Mijares, who is the slightly younger man, is a fan favorite too. He had beaten many world class guys, unified the Super Flyweight titles and touched the top 20 on most expert's pound-for-pound lists when he met hard hitting Armenian Vic Darchinyan, who dominated and finished him in nine, ruining the six year unbeaten run of Mijares and sending him into back-to-back losses against the awkward Nehomar Cermano.
After defeating such top fighters in the pro game like Jorge Arce, Alexander Munoz and Tomas Rojas with ease, Mijares looked to be done after those three straight losses. He considered retirement but instead moved up two weight classes, where he currently is having a solid run at Super Bantamweight.
So, looking at that, you must say that Mijares also desperately needs this win to tell fans he is truly hungry, and ready for a Super Bantamweight title clash, maybe with Nonito Donaire, which was discussed in early 2012.
Now that we have discussed the importance of this bout, you must know how either man can get the win.
First off, Mijares has solid hand speed. He has lugged it up in weight a bit too, and at Marquez's age, that could play as a massive factor for him to get the victory. Mijares must work his jab and stay extremely active over the entire 12 rounds, as he is not a knock-out puncher. He must outwork Marquez and drain him down.
Marquez's strategy is clear cut - don't box with Mijares; this guy is a southpaw, you are orthodox. The tactic for this fight is in boxing for dummies. Marquez is slightly more experienced, more powerful at the weight and is the brother of right hand expert Juan Manuel Marquez.
Rafael must throw that right hand counter whenever Mijares walks in. As his brother Juan proved a million times against Manny Pacquiao, the right hand is the ultimate kryptonite against all left-handers.

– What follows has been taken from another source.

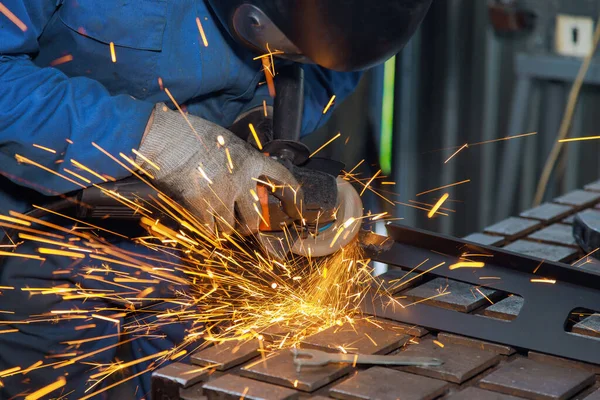 An industrial metal work site has master who grinds metal with grinder sparking as he works on metal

Basically, I'll say this will be the pace. Much like Pacquiao against Marquez, Mijares will impress judges by throwing much more while many educated fans may favor the excellent flush counter shots by the older Marquez. That is, of course, if Marquez doesn't go all out and stays nice and pacient as hoped.
In the end, I can see one of two things happening. One would be Mijares just outboxing the gutsy warrior Marquez, who will likely be fighting toe-to-toe and often run out of gas in the fight or possibly Marquez will be fighting smart like the older and more experienced fighter he is, and maybe stopping Mijares late with the right hands.
Either way, expect a fun battle in the TV Azteca televised main event from Mexico City, Mexico.